# Saddleback ipad case, oh my



## corkyb (Apr 25, 2009)

check it out:

http://www.youtube.com/watch?v=KGg1fLP1a5o

It debuts November 2. there is a thread over on Kindle Accessories called "bought myself a sleeve" or something like that. What it really is is a bunch of people who quickly got addicted to Saddleback Leather. Some gorgeous pictures there. Now what color ipad case should I buy?

Paula


----------



## ValeriGail (Jan 21, 2010)

Oh beautiful!!  I want one and I don't have an ipad!! LOL  If or when I get one, this would be at the top of my case list.  its way cool!


----------



## GinnyB (Dec 19, 2009)

Do a Google search for Temple Bag. Oh my they are wonderful. Someone said they are like a bag that Indiana Jones would carry. Love them!


----------



## Eeyore (Jul 16, 2009)

Saddleback's Facebook page has a price listing of $104 and will be posted later this afternoon on their website. Looks beautiful, but heavy weight wise.

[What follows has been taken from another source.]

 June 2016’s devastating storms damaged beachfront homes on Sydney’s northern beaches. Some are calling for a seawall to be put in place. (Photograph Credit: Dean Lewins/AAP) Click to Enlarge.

And yes, I am thinking about getting one in chestnut. Still love my Vaja case but need a really heavy duty protector when I am out in the field volunteering as a Docent in the State Park.

Best Wishes!


----------



## Eeyore (Jul 16, 2009)

The Saddleback Leather website has been updated and is now taking orders. You can see the cases here:

http://www.saddlebackleather.com/categories/122

Please note: I am not affiliated with the Seller or their website.

My order has been placed.

Best Wishes!


----------



## gadgetgirl003 (Mar 22, 2009)

Eeyore said:


> The Saddleback Leather website has been updated and is now taking orders. You can see the cases here:
> 
> http://www.saddlebackleather.com/categories/122
> 
> ...


What color did you pick? I want either the Chestnut or the black, but I haven't placed an order yet.


----------



## Eeyore (Jul 16, 2009)

gadgetgirl003 said:


> What color did you pick? I want either the Chestnut or the black, but I haven't placed an order yet.


I chose the Chestnut color, based on the youtube video that was posted. Love that color!

I will try and do the usual review of the Saddleback leather cover after it arrives. That is, assuming I can remember the password for that photo upload site I use, LOL!

Best Wishes!


----------



## VictoriaP (Mar 1, 2009)

Their iPad sleeve is gorgeous, and at $55, it's a decent price.  Wish I needed/could justify another sleeve!


----------



## gadgetgirl003 (Mar 22, 2009)

Eeyore said:


> I chose the Chestnut color, based on the youtube video that was posted. Love that color!
> 
> I will try and do the usual review of the Saddleback leather cover after it arrives. That is, assuming I can remember the password for that photo upload site I use, LOL!
> 
> Best Wishes!


The cover on the youtube video really is gorgeous! I can't wait to read your review aftr you get your cover.


----------



## corkyb (Apr 25, 2009)

I am betwixt and between the Chestnut and the Dark Coffee Brown.  I need to decide before they run  outttttt!


----------



## JCBeam (Feb 27, 2009)

corkyb said:


> I am betwixt and between the Chestnut and the Dark Coffee Brown. I need to decide before they run outttttt!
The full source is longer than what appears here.